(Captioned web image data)
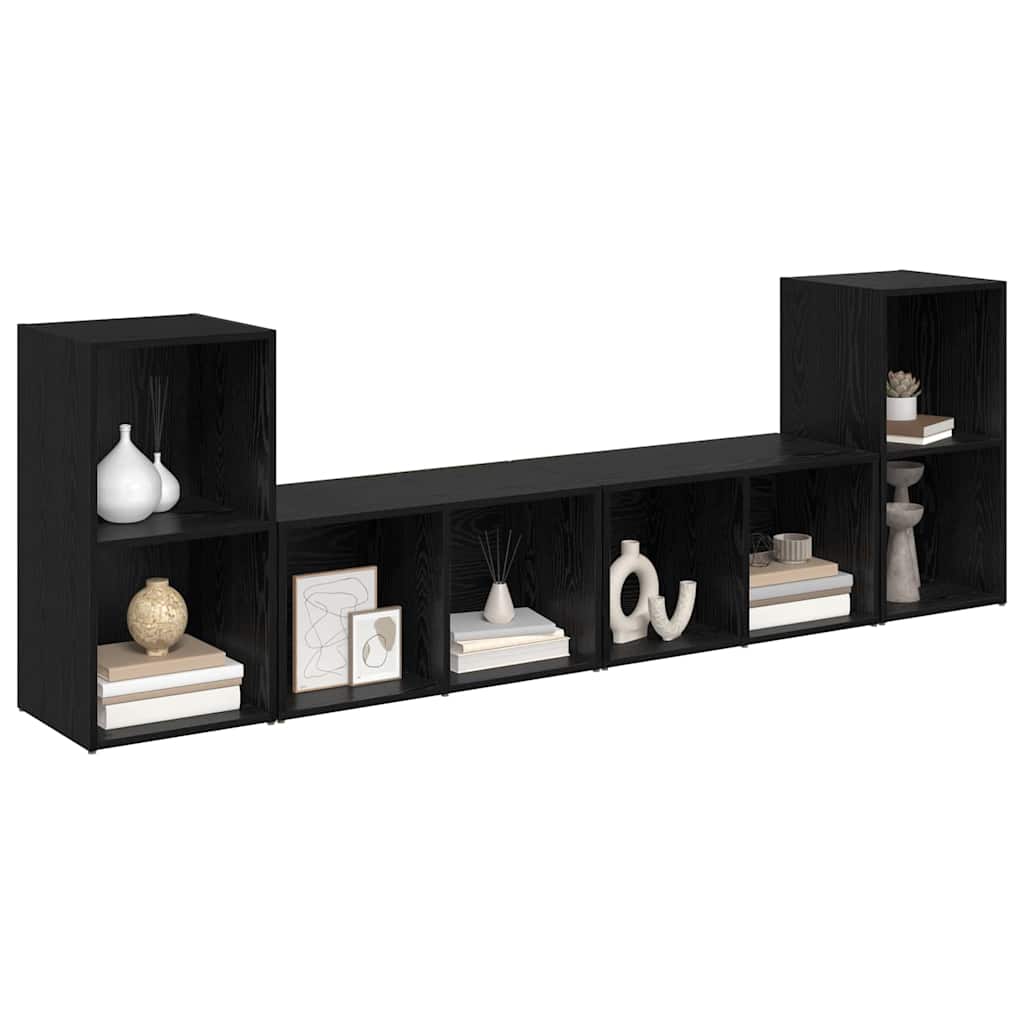 Set TV komoda Zidne 4 pcs Crni hrast 37 x 37 x 72 cm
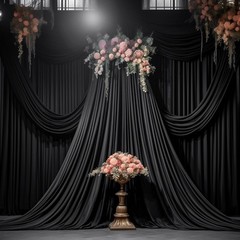 16x10FT Black Backdrop Curtains for Wedding Parties, Wrinkle Polyester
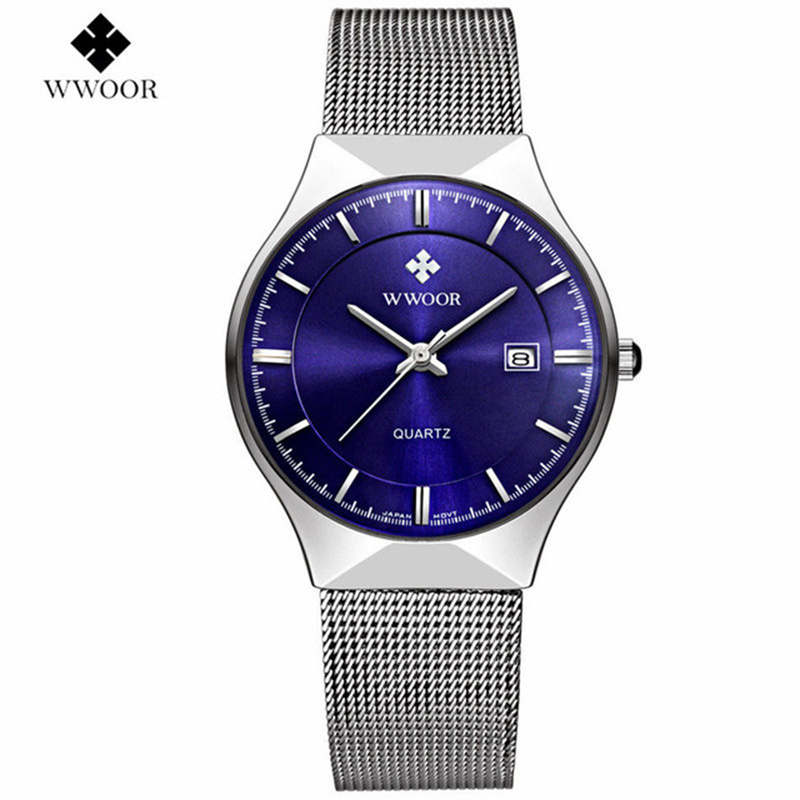 WWOOR Men Watches 8016 luxury brand watch men Fashion sports quartz-watch stainless steel mesh strap ultra thin dial date clock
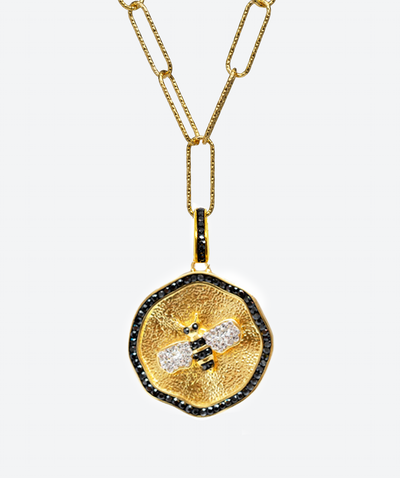 BEEutiful Bee Medallion Charm Necklace - La Costa Organic Jewelry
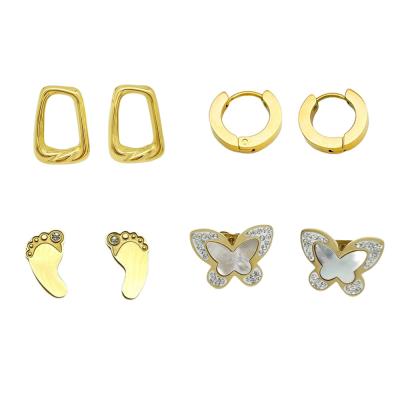 China Wholesale Hypoallergenic 14k Gold Plated Small Circles Resin Huggies Rhinestone Fashion Stud Women Jewelry Stainless Steel Earrings for sale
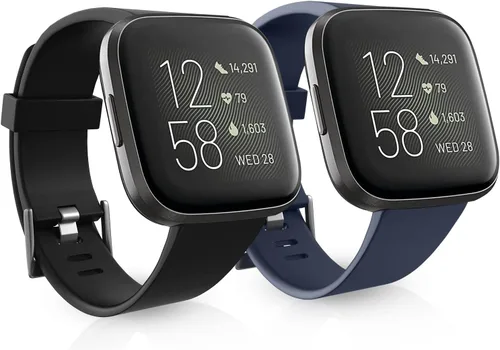 Vista 7 de Paquete de 2 bandas impermeables compatibles con Fitbit Versa 2 bandas para mujeres y hombres Muñequeras de repuesto transpirables de nailon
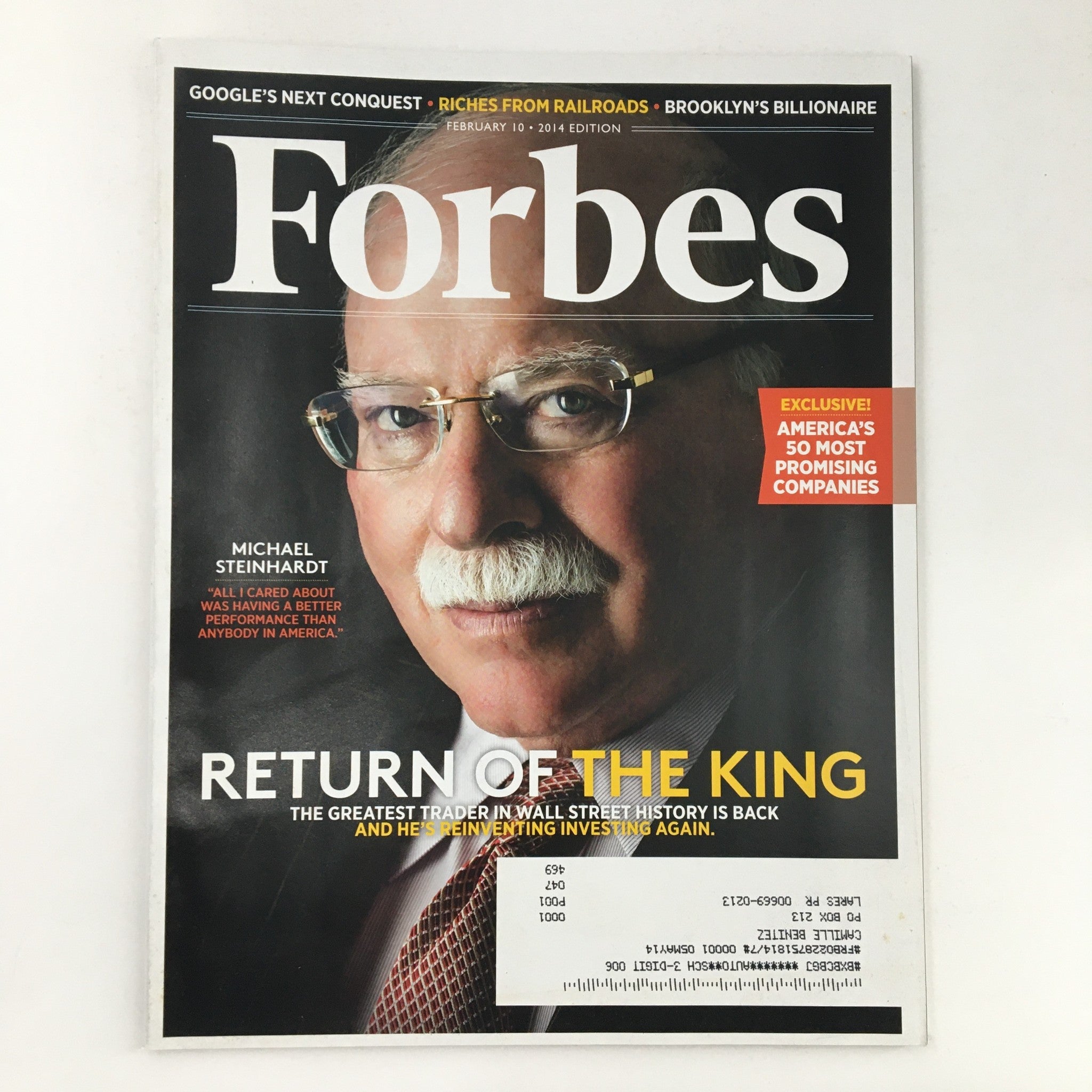 Forbes Magazine February 10 2014 Return of the King Michael Steinhardt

» Requirement: Except for pictures, copy the records above exactly.

» Written solution:
 Set TV komoda Zidne 4 pcs Crni hrast 37 x 37 x 72 cm
 16x10FT Black Backdrop Curtains for Wedding Parties, Wrinkle Polyester
 WWOOR Men Watches 8016 luxury brand watch men Fashion sports quartz-watch stainless steel mesh strap ultra thin dial date clock
 BEEutiful Bee Medallion Charm Necklace - La Costa Organic Jewelry
 China Wholesale Hypoallergenic 14k Gold Plated Small Circles Resin Huggies Rhinestone Fashion Stud Women Jewelry Stainless Steel Earrings for sale
 Vista 7 de Paquete de 2 bandas impermeables compatibles con Fitbit Versa 2 bandas para mujeres y hombres Muñequeras de repuesto transpirables de nailon
 Forbes Magazine February 10 2014 Return of the King Michael Steinhardt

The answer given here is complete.